Students are also introduced to and experience festivals and cultural traditions from different Spanish speaking countries. For instance, Grade 8 students have the opportunity to sing and dance to Latino folk music. During ‘El Dia de los Muertos’ (the Day of the Death), they help build an altar to remember and honor those who are not physically with us anymore but are still part of our WSSD community. This year, two dance blocks were brought to the students: they learned the basic steps of merengue, bachata, cha cha cha, and Rueda de Casino or Timba (Cuban Salsa). During this block, students experience musicality, movement, culture, Spanish vocabulary and artistic expression through dance.

They are also expected to complete class activities as well as a final project. This final project consisted of choosing two of the twenty-one Spanish speaking countries, research about them following some guidelines the teacher provided, and create a poster to present in front of their classmates.

Eurythmy

Introduction to: 

  • Collaboration of all previous years’ work 
  • Introduction of the world of musical intervals
Details

In Grade 8, all the Eurythmy elements learned throughout all the previous years are worked in multiple ways. One new element is the world of musical intervals. Students explore the qualities and learn the gestures for the musical intervals (space between two notes). For the Annual Eurythmy Concert, the group chooses a piece to perform. Students also have the opportunity to perform their choreography during the performance. All the students get to wear Eurythmy veils for this event.  Rhythmical concentration and coordination exercises are an integral part of each lesson.

Handwork and Practical Arts

Introduction to:

  • Recreating a production of Shakespeare’s A Comedy of Errors
  • Sewing skills
  • Learning to maneuver the sewing machine
Details

The Grade 8 student arrives at the culmination of their journey through the elementary and middle school grades; poised, inquisitive, and capable, the students are ready to be challenged in new and exciting ways.

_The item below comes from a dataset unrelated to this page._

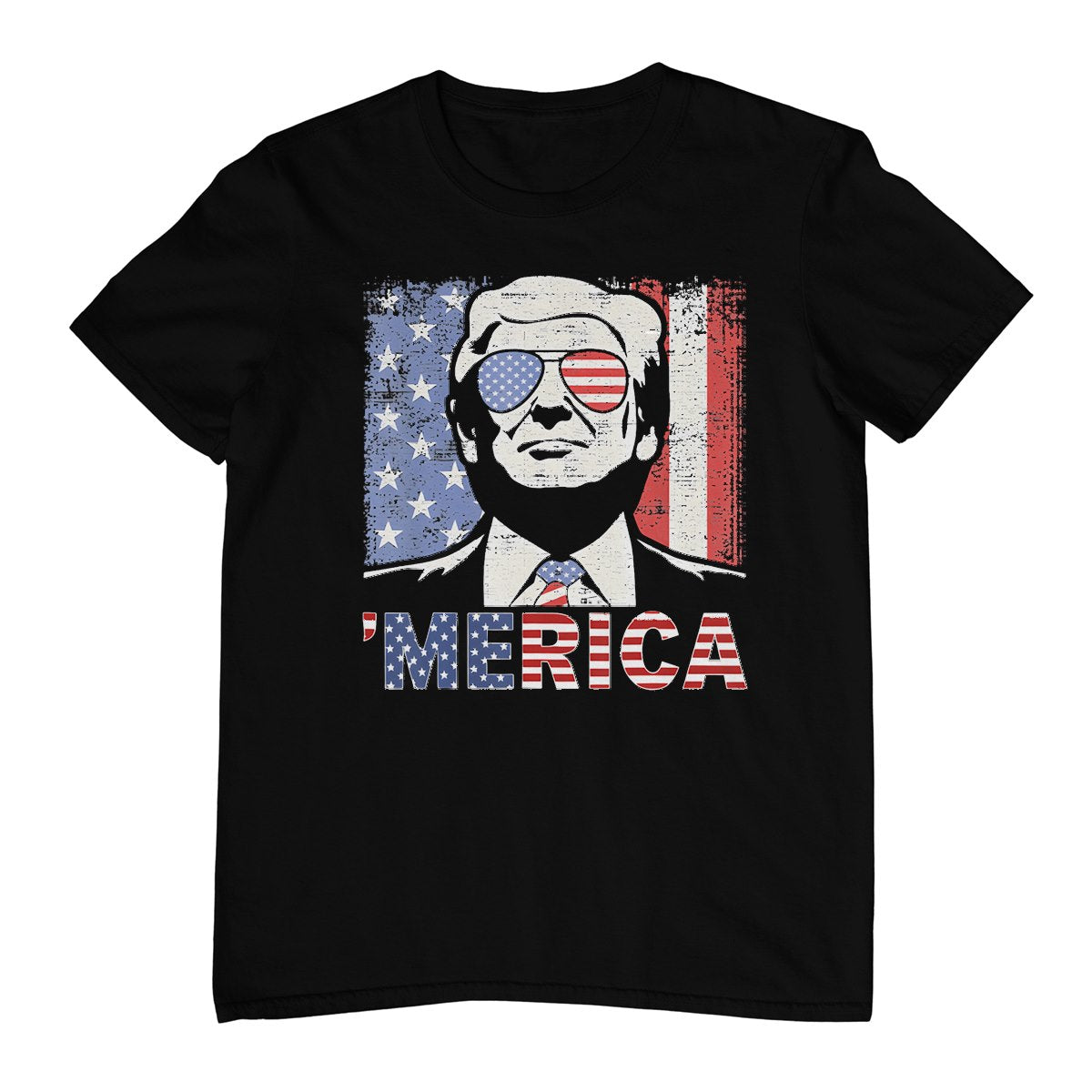 'Merica Trump Happy 4th Of July Trump American Flag T-Shirt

For the first time, their work begins with a brief history of the Industrial Revolution through the lens of garment manufacturing. Students share a discussion about the abysmal working conditions of many seamstresses and tailors and how these very conditions gave way to the establishment of the first labor unions. They also acquaint themselves with a revolutionary invention – the sewing machine. Seam allowances, tension, bobbins and spools, foot pedals, feed dogs, hem, inseam, gusset – these are just a few examples of the many skills and vocabulary acquired during their lessons. 

Through these new skills, the students made lined satchels with embellishments of their choosing, and a pair of pajama pants in a fabric they self-selected during our fun field trip to a fabric store.

Students are tasked with learning their lines before the month’s work begins. During the block, they are tasked with following directions: being brave, and being focused at all times.

Games

Introduction to:

  • Competition and teamwork
  • Accountability
  • Goal setting
Details

In Grade 8 games class, the students continue to strive for individual mastery in team sports and athletics. Competition is used and controlled to cultivate teamwork, to stimulate engagement, for pushing individuals to new levels of achievement, and for drawing the best out of all students by calling on their potential. The students were again given the fitness and skills tests three times during the school year in which they could measure their progress. The students write down strength, endurance, citizenship, and skill goals they hope to achieve by June.

The students continue to work with group and team games and the various skills involved. They experience traditional sports, such as football, basketball, and baseball, and tennis. The students return to the spring track meet with a year of added experience, strength, and for some, height, to strive and improve their statistics. In preparation, students continue training for sprints, hurdles, long jump, discus, javelin, hammer throw and shot put, as well as distance running.